Royal Caribbean International’s decision to reduce the number of ships it deploys in Alaska next year from three to two is the loudest indication so far that cruise lines are disinclined to accept the state’s head tax of $50 per passenger.

Royal Caribbean cited the high cost of doing business in the state when it said it would not send the 2,100-passenger Serenade of the Seas to Southeast Alaska ports in 2010.

The cruise industry organization in the state, the Alaska Cruise Association, estimates that the elimination of the Serenade’s 19 departures from Vancouver will mean 42,000 fewer visitors to Alaska in 2010, resulting in an estimated loss of $55 million in tourism revenue.

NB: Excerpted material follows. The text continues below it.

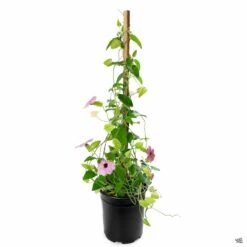 Black-Eyed Susan Vine -Fresh Tree Shop Thunbergia BlackEyedSusan Pink 1gal 700ec8e5 1686 49ee bd7f f09621d61e01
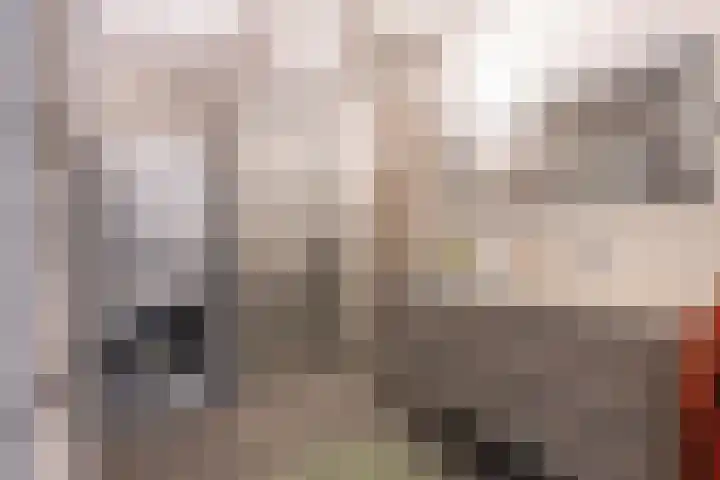 Het Jaagpad 52 Tiel thumbnail 33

"There is a tremendous amount of concern," said John Binkley, president of the Alaska Cruise Association.

Dave Kasser of the Anchorage Convention and Visitors Bureau told the Seattle Times that the move could be a harbinger of future decisions by other lines.

"We need to make a concerted effort to make our destination as attractive as possible," Kasser said.

In explaining the decision to pull its vessel out of Alaska, Royal Caribbean said that the state has "among the highest tax/cost structure of any destination."

The company cited several examples of costs imposed by Alaska on its ships, specifically the $50 head tax that was voted into law in a citizen referendum in 2006. The tax added $50 million to state coffers in 2007.

"Alaska has traditionally been a higher-cost destination, but it has also been able to generate higher per diem and higher revenues to offset that," said Binkley. "As other destinations compete around the world and there is demand for other destinations, it has been more difficult for companies and cruise lines to get proportionally better revenue from Alaska cruises."

In its fourth-quarter earnings call, Royal Caribbean cited weakness in Alaska. Pricing there is down considerably for all major cruise lines.

According to Binkley, Alaska’s share of the cruise market has not grown with the industry since 2006.

"I’ve been concerned for some time, as I’ve seen cruise traffic level off over the past three years," he said. "I think we need to embrace the industry and encourage the industry and be reasonable with our regulations."

So far, no other major cruise line has announced a big reduction in capacity. Earlier this year, small-ship line Cruise West removed one vessel, the Spirit of ’98, from its 2009 Alaska deployment. The line will keep the ship in the Pacific Northwest.

"We have seen a strong demand for our Columbia and Snake river itineraries, and feel that this is where the Spirit of ’98 will be best utilized at this time," said Cruise West CEO Dietmar Wertanzl.